Come si vede dal grafico 4, il fatturato e gli utili per azione (Eps) dei FAANG + M, a partire dal 2011, sono cresciuti molto rapidamente. In realtà molto più rapidamente non soltanto dell’intero S&P 500, ma addirittura dell’inarrestabile Nasdaq 100, l’indice dei 100 titoli maggiori del Nasdaq, che comprende quindi il meglio del meglio in termini di performance recenti1. Si noti che per S&P 500 e Nasdaq 100 consideriamo l’intero indice, che include quindi il contributo degli stessi FAANG + M – un contributo rilevante, dato il loro peso: oggi 21% nell’S&P 500 e 47% nel Nasdaq 100.

La differenza è impressionante: dal 2011, anno in cui tutte le sei società avevano utili da riportare, i FAANG + M sono cresciuti circa il 70% in più o il doppio del Nasdaq 100, rispettivamente per fatturato e utili, e circa il quadruplo dell’S&P 500 su entrambe le metriche.

Il tema della crescita è molto importante, più di quanto si possa pensare. Innanzitutto per una ragione aritmetica: come mostra il grafico 5, la relazione positiva fra crescita e valutazioni non è lineare. Significa che se si cresce più velocemente, la valutazione può espandersi ancora più velocemente, a parità di altre condizioni, come il costo del capitale e la percentuale di utili distribuiti agli azionisti come dividendi3.

In secondo luogo per una ragione storica. A pochi sfuggirà che il periodo seguito alla Grande Crisi Finanziaria sia stato caratterizzato da una crescita dell’economia mondiale tendenzialmente inferiore ai cicli precedenti, in alcuni casi molto inferiore (grafico 6). Non è sorprendente, quindi, che molti investitori siano stati disposti a pagare un valore elevato per una crescita rapida e sostenibile (almeno negli anni scorsi lo è stata).
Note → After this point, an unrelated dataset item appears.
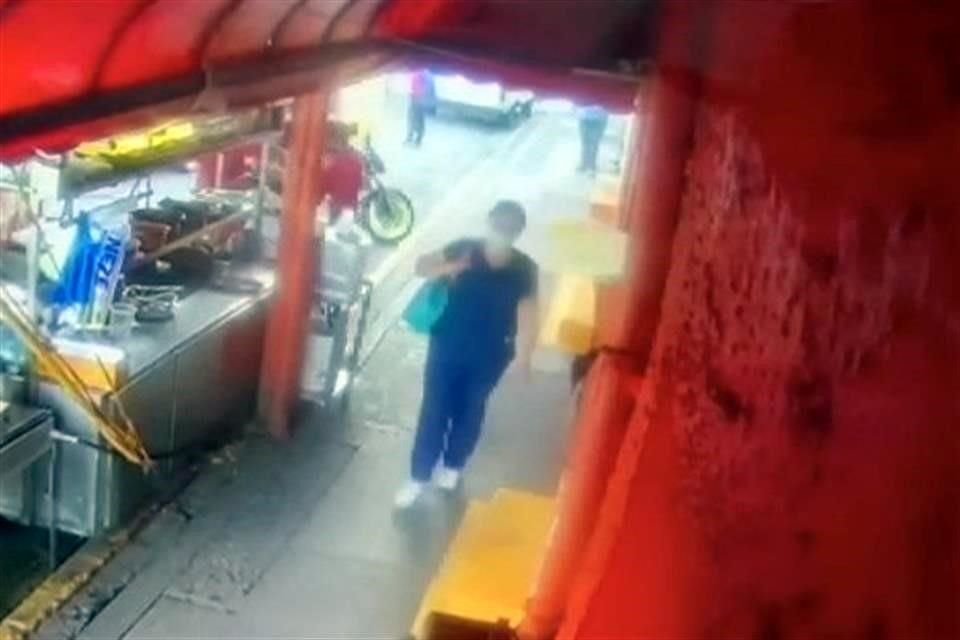 La mujer se llevó a la bebé en una bolsa para pasar desapercibida.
E tanto più elevato quanto più il contesto è stato tale da rendere la crescita una risorsa scarsa, perciò ancora più preziosa. In pratica, al valore matematicamente dovuto alla crescita potrebbe verosimilmente essersi aggiunto un valore legato alla scarsità.

Tutte queste considerazioni non rappresentano una razionalizzazione a posteriori di quanto accaduto sui mercati – sarebbe un errore grave – né una rassicurazione sul fatto che la crescita di questi titoli possa proseguire nel futuro a ritmo sostenuto, o che la disponibilità degli investitori a pagare un premio di valutazione per alcune società rispetto ad altre, in parte probabilmente influenzata dall’azione delle banche centrali, rimarrà quella degli ultimi anni.
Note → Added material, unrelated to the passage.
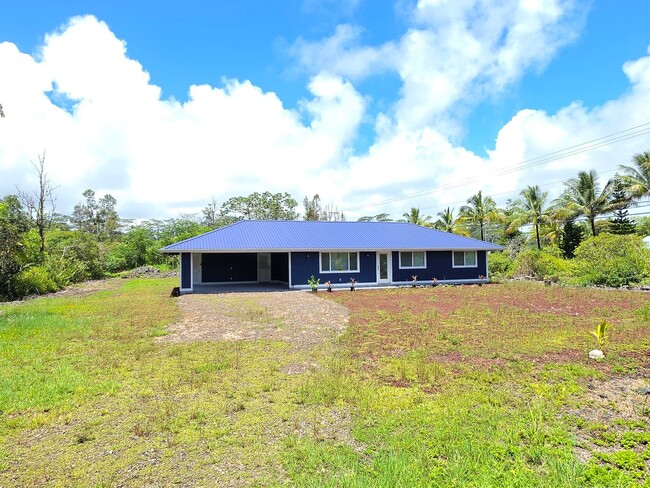 Building Photo - Available August 1 | Fully Furnished 3BD/3BA Home in HPP (Hawaiian Paradise Park)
Sappiamo che le bolle speculative di tanto in tanto si verificano: si gonfiano e poi scoppiano, la psicologia degli investitori a volte tende ad assecondare e alimentare eccessi. Per questo credo che sia giusto osservare ogni fenomeno da diverse angolazioni, per averne una prospettiva il più possibile completa. Anche chi investe in azioni ha bisogno di convinzioni, di qualcosa in cui credere. Meglio, quindi, informarsi bene prima di scegliere.